We spent this past weekend in northern Colorado fishing, for us, new waters. Fishing reports were saying that the small streams in Rocky Mountain National Park were red hot and the Big Thompson below the Lake Estes was excellent. We left late Friday afternoon with high hopes, new flies, and expectations of the grand slam in RMNP: brown, brookie, cutthroat, rainbow.
Saturday in the Park was one of those days that I think Quinnett was referring to in the quote above. The pure grandeur of the Park was breathtaking. We first headed over to the Fern Lake trailhead, but it was so packed that we took the Park Ranger’s advice and headed over to the alluvial fan. We didn’t feel like fighting many folks — kind of naive in the Park on a beautiful fall day – but we did find a less-crowded place to park near the small stream. We put on a small dry and an ant and headed up stream.

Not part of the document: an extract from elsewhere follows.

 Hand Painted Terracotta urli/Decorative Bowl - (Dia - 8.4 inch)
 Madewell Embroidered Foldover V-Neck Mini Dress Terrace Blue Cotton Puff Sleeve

We each had one fish in the first 30 minutes or so — a small brook and a small brown. As we headed upstream, the fishing slowed some but the beauty of the region stayed constant. The weekend was one of those almost-classic fall days. The only thing missing, surprisingly, were the yellow aspens. Except for a few streaks of gold across the mountainsides, and a small patches ot two of gold, the leaves have not yet changed here.
By the end of the day, we each had another small brown — a humbling day for sure. The cloudless blue skies, hot sun, and beautiful stream meandering through the meadow were God’s communciation this day. On the way out of the Park we did see two beautiful herds of elk that served as another part of nature’s congregation.
Sunday morning arrived and we headed to fish the Big Thompson below Lake Estes for our return trip to the Springs. Perhaps it was my own reluctance to switch from dries and terrestrials to nymphs that ultimately resulted in the frustration by day’s end. Other than three strikes on a BWO and a Caddis, they were not taking anything we offered. Of course, we should have switched for a longer period of time to something underneath but I love the thrill of the dry-fly strike.
Two days prior, the river had been at 210 cfs. Sunday, it was reduced to 70 cfs. Maybe that contributed to our lackluster day on the Big Thompson. I spooked many a fish and spoiled some pretty good holes, no doubt, just in my approach. And maybe my own arrogance that they would certainly rise and take a BWO, an ant, a Red Quill — something on the surface — kept me from trying something else. In one beautiful pool, I watched as two beautiful cutthroats surfaced to take a look at the Caddis, then the yellow Sally, then the small ant — only to turn away, steady themselves back in the current, and rise to something just in the foamy surface.
Around 4:00, we broke down our rods, humbly and quietly slipped off our boots and wet-wading socks, and packed up the car. I wanted to curse the river and our bad luck — well, maybe I did curse it for a mile or two down highway 34. Then we turned a corner and saw, up on the rough out-cropping on the side of the hills, a small herd of Bighorn Sheep. The five or six Sheep were crowded on a very large rock, and they were surveying the hillside and the valley below. We pulled over and watched them for a few minutes, the sound of the Big Thompson in the backdrop, the final light of the day illuminating the Sheep.
And I thought of the quote from Quinnett above. I would have loved to have caught a fish on this fall Sunday. But at that moment in the evening, I didn’t really need to.